Task brief
What is needed is an exact reproduction of the lines in the records below, starting at the line with "woman biting into a granola bar" and ending at the line with "木のテーブルの背景に財布やクレジットカードのトップビュー — ストック写真", both included, and nothing else; pictures stay out.

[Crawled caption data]
....
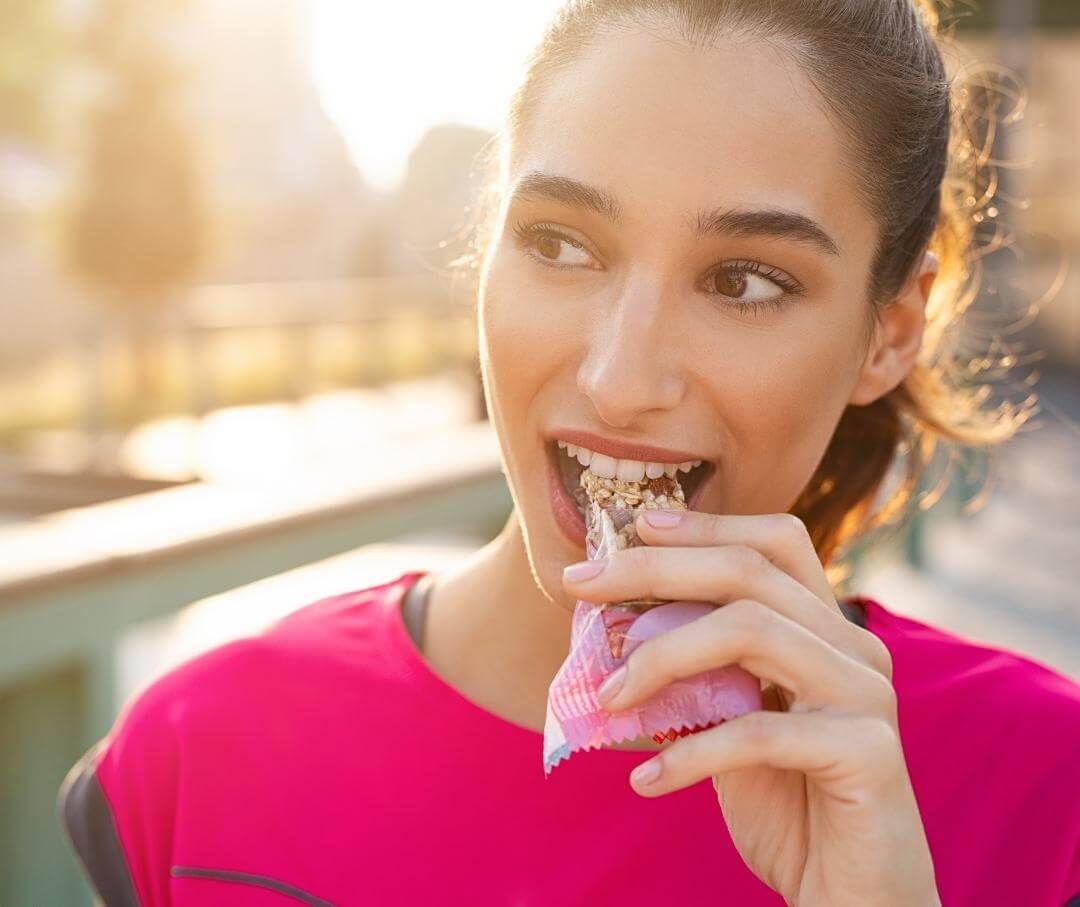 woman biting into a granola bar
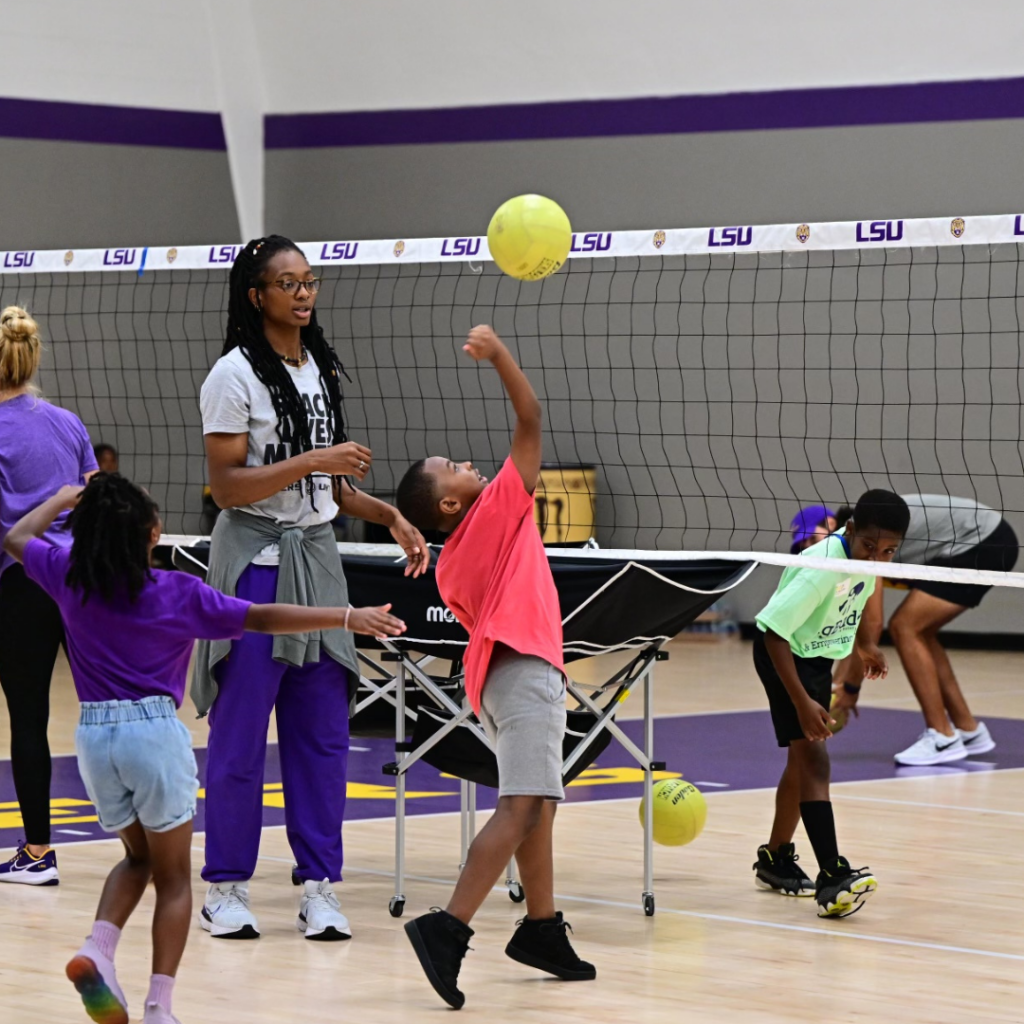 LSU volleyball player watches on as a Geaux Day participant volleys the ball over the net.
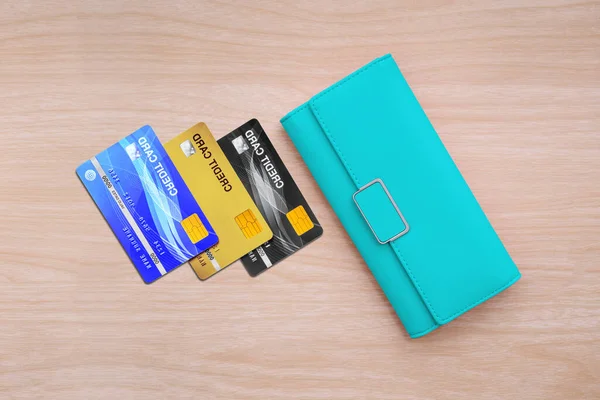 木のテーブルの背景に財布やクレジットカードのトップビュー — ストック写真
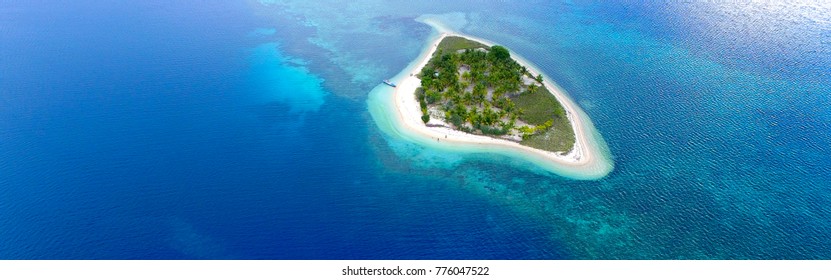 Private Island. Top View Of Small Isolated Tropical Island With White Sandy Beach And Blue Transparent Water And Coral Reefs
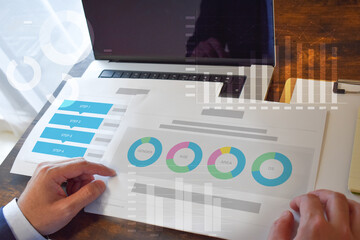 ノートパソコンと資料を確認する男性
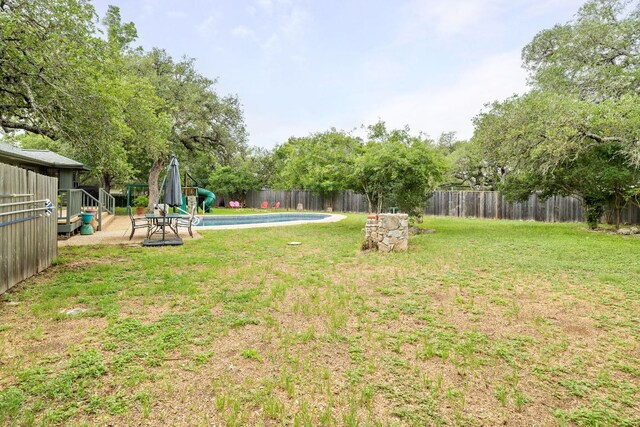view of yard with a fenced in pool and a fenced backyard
....
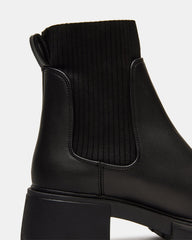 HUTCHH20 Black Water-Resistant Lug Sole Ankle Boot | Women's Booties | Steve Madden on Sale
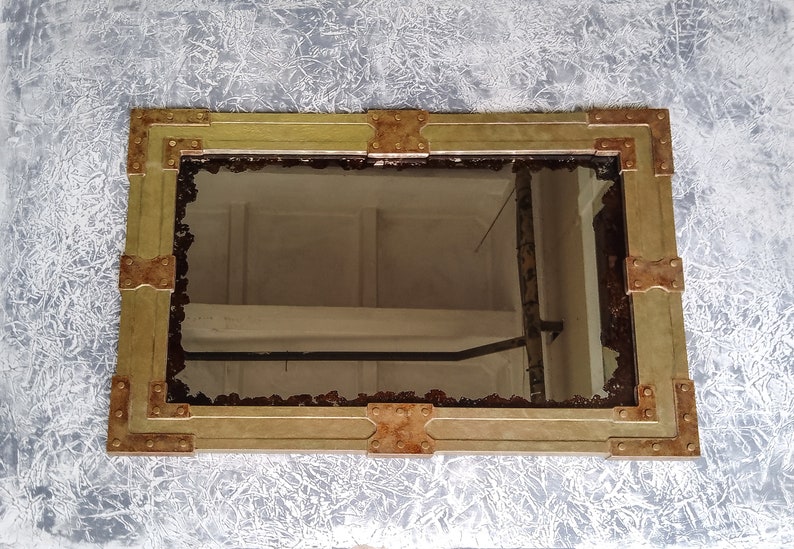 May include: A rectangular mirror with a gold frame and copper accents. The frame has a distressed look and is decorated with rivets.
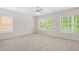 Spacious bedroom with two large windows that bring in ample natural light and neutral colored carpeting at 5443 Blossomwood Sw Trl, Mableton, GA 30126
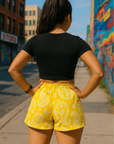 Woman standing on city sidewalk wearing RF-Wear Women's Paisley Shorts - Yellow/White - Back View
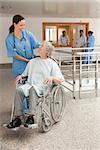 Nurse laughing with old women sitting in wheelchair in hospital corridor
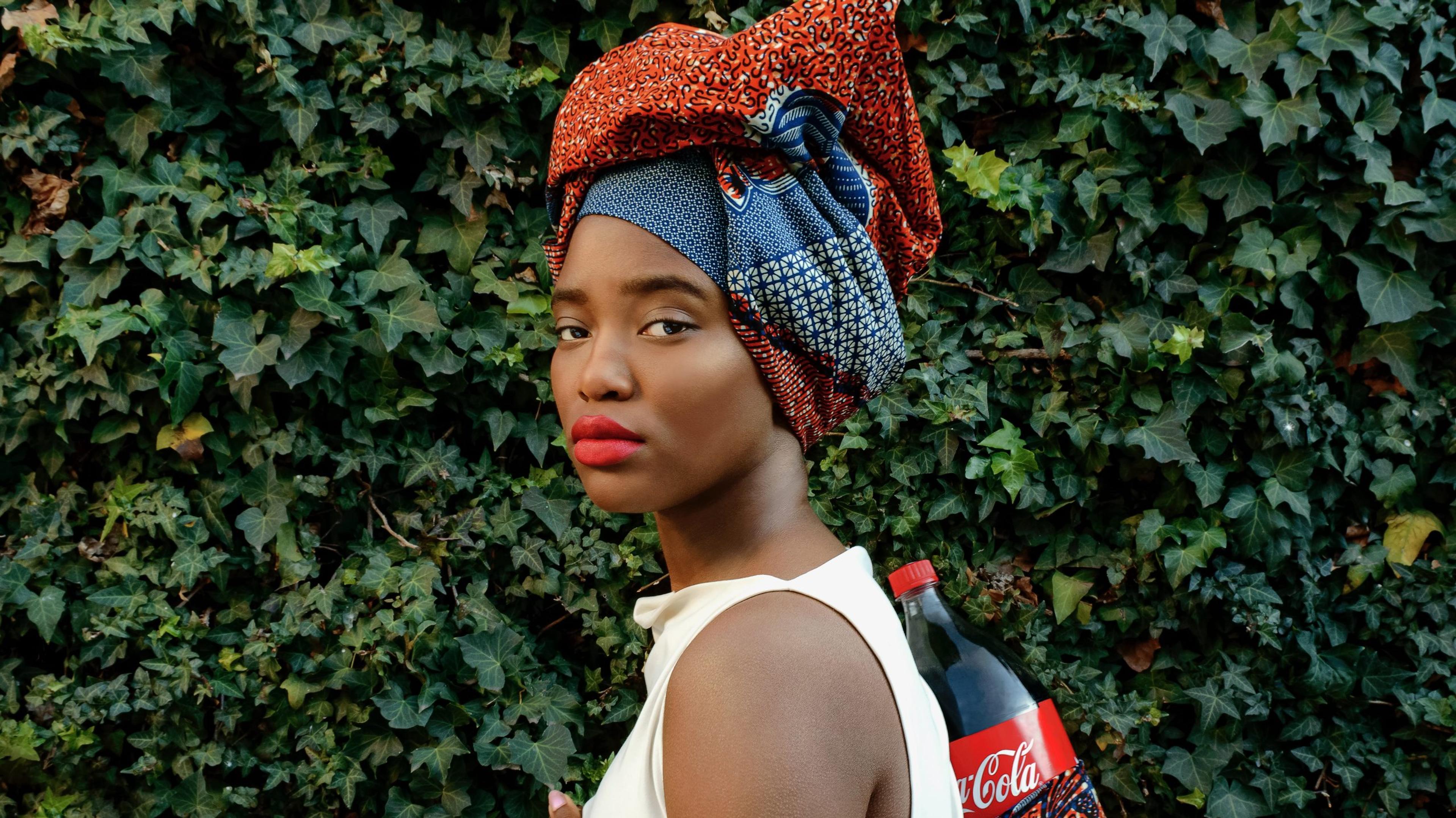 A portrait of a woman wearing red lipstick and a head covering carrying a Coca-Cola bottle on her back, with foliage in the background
....
Answer area
 woman biting into a granola bar
 LSU volleyball player watches on as a Geaux Day participant volleys the ball over the net.
 木のテーブルの背景に財布やクレジットカードのトップビュー — ストック写真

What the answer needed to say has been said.